Elizabeth Emery’s Keynote

Dr. Elizabeth Emert

Dr. Elizabeth Emery is a Professor of French at Montclair State University (New Jersey, USA) where she teaches medieval and nineteenth-century French literature and culture. She is the author of books, articles, and essay anthologies related to the reception of medieval art and architecture in nineteenth-century France and America and the links among early photography, journalism, and celebrity culture. Her books dedicated to medievalism include Telling the Story in the Middle Ages (co-edited with Karen Duys and Laurie Postlewate; D. S. Brewer, 2015), Consuming the Past: The Medieval Revival in Fin-de-siècle France (co-written with Laura Morowitz; Ashgate Press, 2003), reissued by Routledge in 2017; Medievalism: Key Critical Terms (co-edited with Richard Utz; Boydell & Brewer, 2014), reissued in paperback in 2017. Her new book, Reframing Japonisme: Women and the Asian Art Market in Nineteenth-Century France (1853-1914) will appear with Bloomsbury Visual Arts this fall.

Medievalism, Rules of the Game: From Geneviève de Brabant to “Princess Steel”

Saturday, November 16, 2020
6:00 – 7:15 pm (EST)

Medieval manuscripts overflow with merry examples of “play,” from what Michael Camille called “images on the edge,” to vibrant descriptions of tournaments, feasts, and theatrical productions. “Playful” twenty-first-century genres such as video games and movies, on the other hand, present a disproportionately bleak vision of the medieval period. Focused on class or ethnic warfare, their rules tend to pit one group against another, thereby reinforcing late nineteenth-century tropes of the medieval period as codified by national, ethnic, or gender identity.

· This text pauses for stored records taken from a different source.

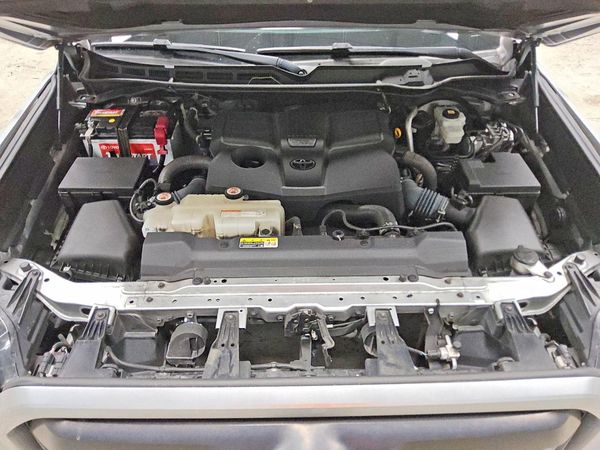 2023 TOYOTA TUNDRA SR5 — Engine bay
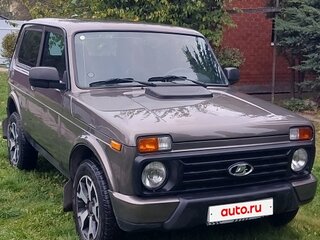 2019 Lada (ВАЗ) 2121 (4x4) Urban I Рестайлинг (2020), коричневый, 750000 рублей, вид 2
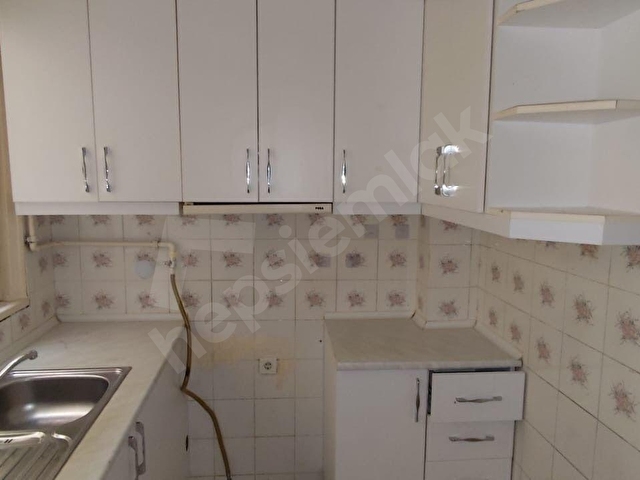 ŞİŞLİ KUYULUBAĞ SOKAKTA 2 ODA 1 SALON KOMBİLİ 2. KAT OTURUMA HAZIR KİRALIK DAİRE - Görsel 21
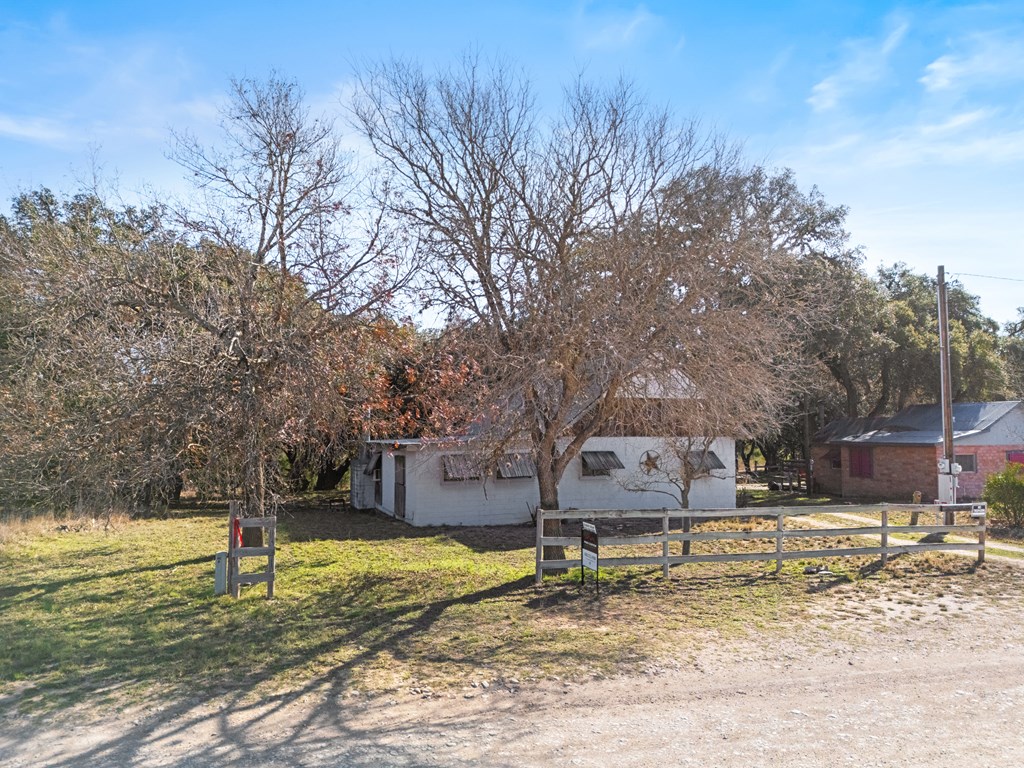 main property photo 28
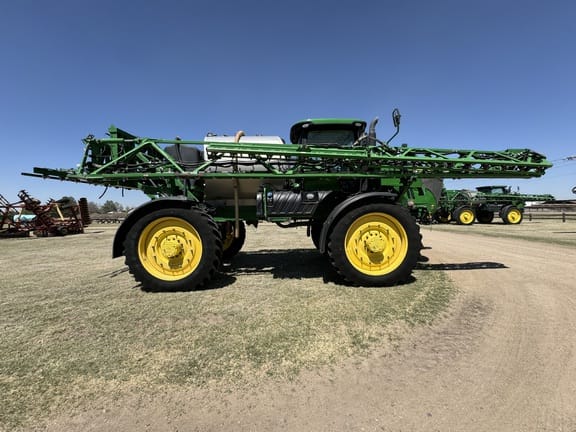 2021 John Deere R4060 Equipment Image0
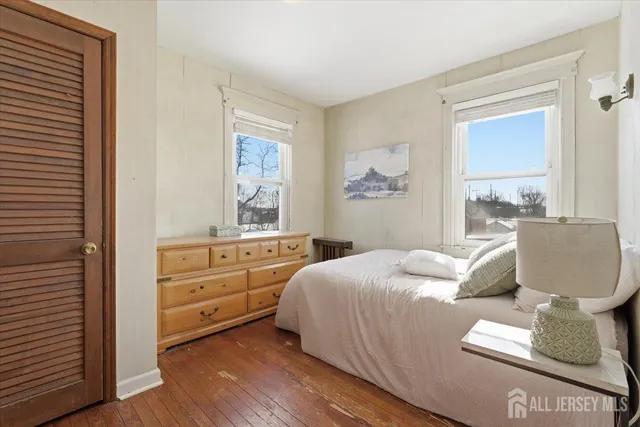 $500,000 | 554 Barron Avenue, Woodbridge, NJ 07095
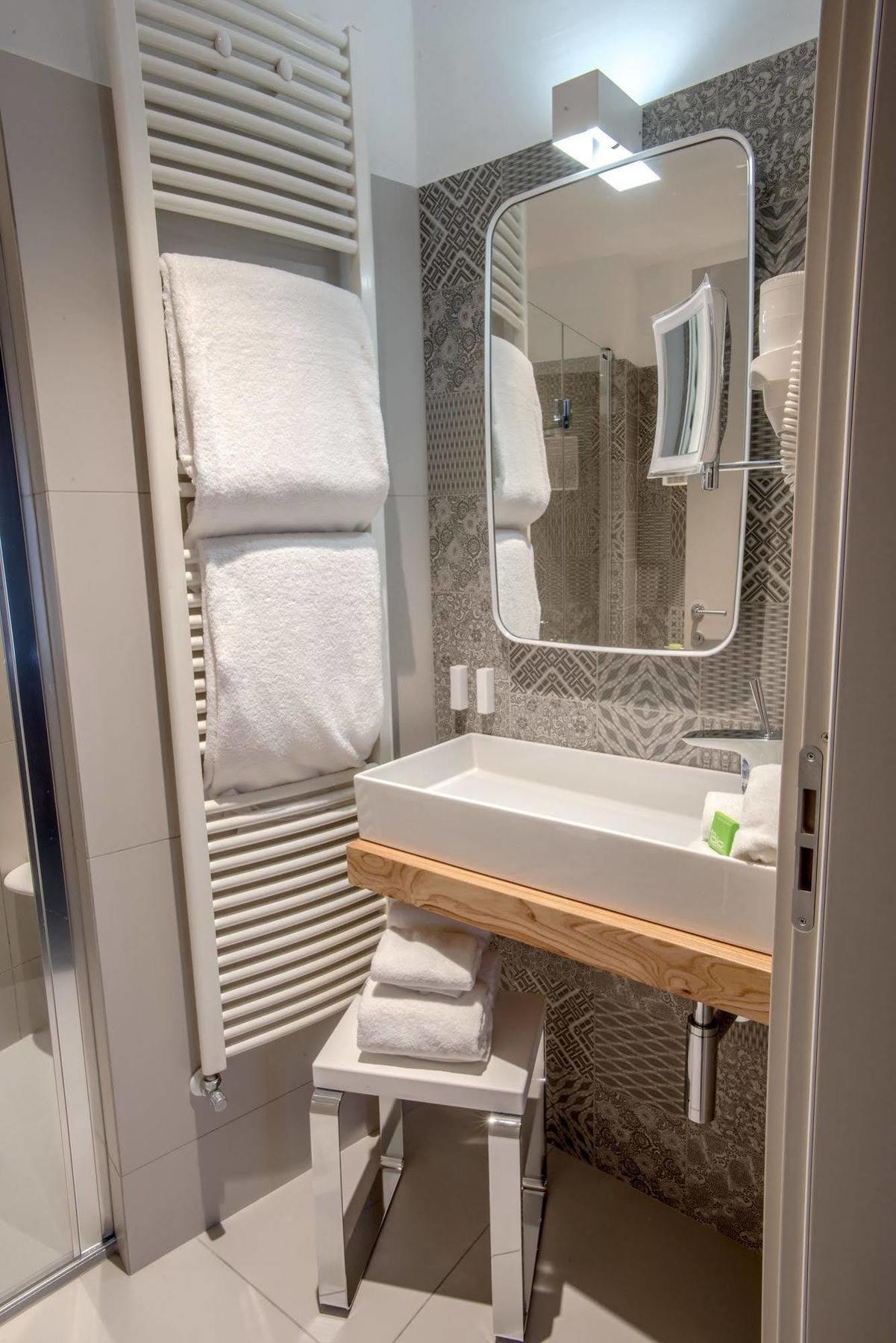 Uve Rooms & Wine Bar Ла Мора Екстериор снимка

In this presentation, Roger Caillois’ notion of the conflict between ludus and paidia (Les Hommes et les Jeux, 1958) will serve as a framework to re-examine the “rules” of medievalism established in late nineteenth-century Europe and still too often accepted without question today. Two instances of medievalism created one hundred years apart—the private dramatic production of Geneviève de Brabant that Germaine de Staël and her children wrote, rehearsed, and performed during the summer of 1807, and W.E.B. Du Bois’ unpublished short story “Princess Steel” (c. 1907)—serve as chronological bookends. In both examples, imagined medieval women’s voices play a crucial role in addressing issues of class, race, gender, and ability. Creative experimentation with the open-ended representational strategies of medievalism allowed de Staël and Dubois to “play” with the rules thought to govern medieval society, while providing models for articulating medievalism today.